LSA faculty members Heather Ann Thompson and Geneviève Zubrzycki are among 184 writers, scholars, artists and scientists awarded 2021 fellowships by the John Simon Guggenheim Memorial Foundation.
Thompson, professor of Afroamerican and African studies, history, and in the Residential College, and Zubrzycki, professor of sociology, were chosen from among nearly 3,000 applicants based on prior achievement and exceptional promise.
The fellowship allows recipients to pursue a project for six to 12 months, without conditions, in natural sciences, social sciences, humanities and the creative arts.
“I am delighted to hear this wonderful news about Heather Ann Thompson and Geneviève Zubrzycki,” LSA Dean Anne Curzan said. “They are both extraordinary scholars, and their research is making a real difference as we work to address pressing social issues, from the level of the state to the national and global. I am grateful for the rich contributions they are making to liberal arts research and to the educational mission of LSA.”
Thompson writes extensively on the history of policing, mass incarceration and the current criminal justice system for many media outlets and publications.
“I am beyond honored to receive this fellowship, and so deeply grateful for this opportunity to finally devote my time fully to recovering and writing the long history of the 1985 police bombing of MOVE in Philadelphia,” Thompson said. “That event has so very much to tell us about right now.”
Thompson is the Pulitzer Prize and Bancroft Prize-winning author of “Blood in the Water: The Attica Prison Uprising of 1971 and its Legacy.” “Blood in the Water” also won the Ridenhour Book Prize, J. Willard Hurst Prize and a book prize from the New York City Bar Association. In addition, it was a finalist for the National Book Award, Los Angeles Times Book Award and Cundill Prize in History, and it received a rarely given Honorable Mention for the Silver Gavel Award from the American Bar Association.
She also wrote “Whose Detroit: Politics, Labor, and Race in a Modern American City in 2001,” which was republished in 2017 on the occasion of the 50th anniversary of the Detroit rebellion of 1967. She was appointed to the National Academy of Sciences blue-ribbon panel that studied the causes and consequences of mass incarceration in the United States and currently serves on its standing Committee on Law and Justice.
Thompson has served as well on myriad policy and advisory boards, including as an adviser on the widely acclaimed States of Incarceration project, Art for Justice Fund, Prison Policy Initiative, and Alliance of Families for Justice. She also is co-founder of the Carceral State Project, with its Documenting Criminalization and Confinement research initiative, at U-M.
Zubrzycki is a comparative-historical and cultural sociologist who studies national identity and religion, collective memory and national mythology, and the contested place of religious symbols in the public sphere.
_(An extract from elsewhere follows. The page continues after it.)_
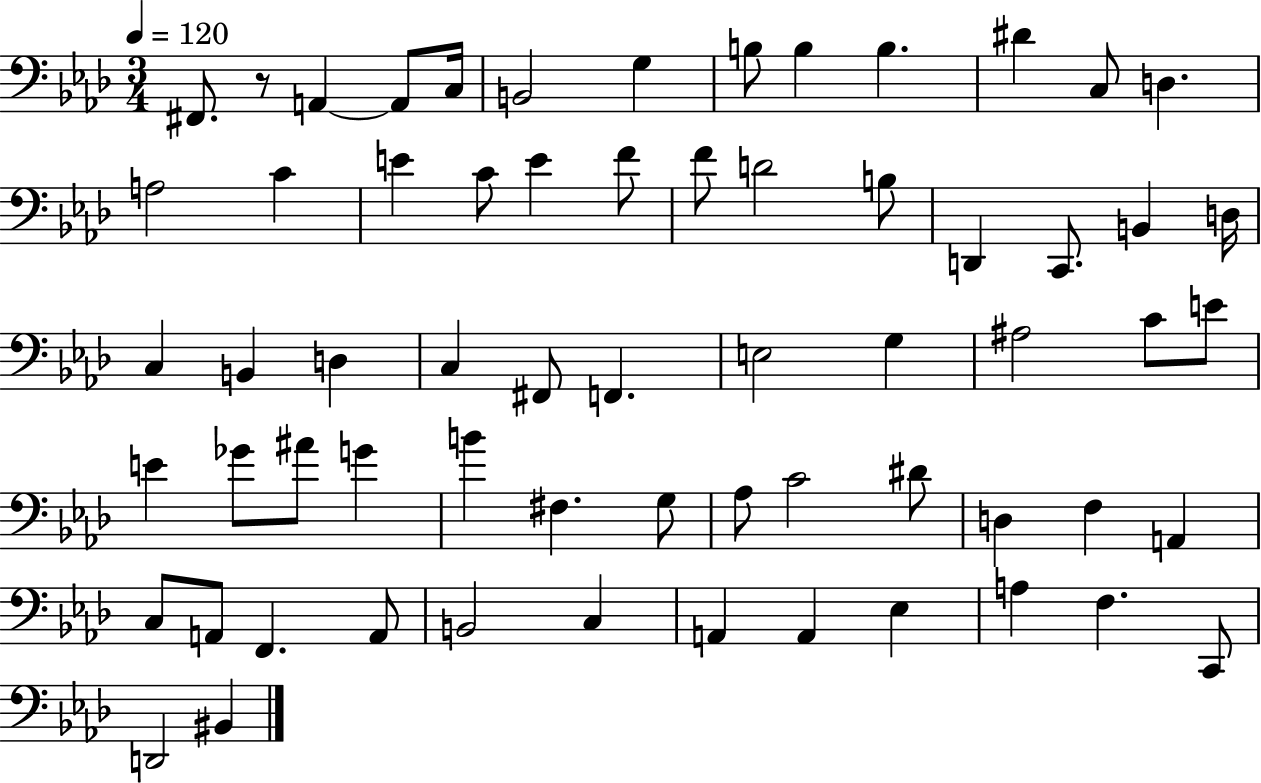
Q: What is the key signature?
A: AES major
“I’m truly honored and gratified for this recognition of my work,” she said. “I plan to use the fellowship to complete my new book on nationalism and the Jewish revival in Poland, a project I’ve been tending for the last 10 years. Scholarly work is often a lonely quest, so these flashes of recognition are invaluable to be able to keep pushing forward.
“I’m grateful to the Guggenheim Foundation for providing me with much-needed time and for having something to celebrate at the end of what has been a tough year for everyone.”
Her first book, the award-winning “The Crosses of Auschwitz: Nationalism and Religion in Post-Communist Poland,” analyzed the reconfiguration of the relationship between Polishness and Catholicism after the fall of communism. It does so by examining Poles’ and Jews’ conflicting memories of World War II, and the international conflict over the presence of Christian symbols at Auschwitz-Birkenau.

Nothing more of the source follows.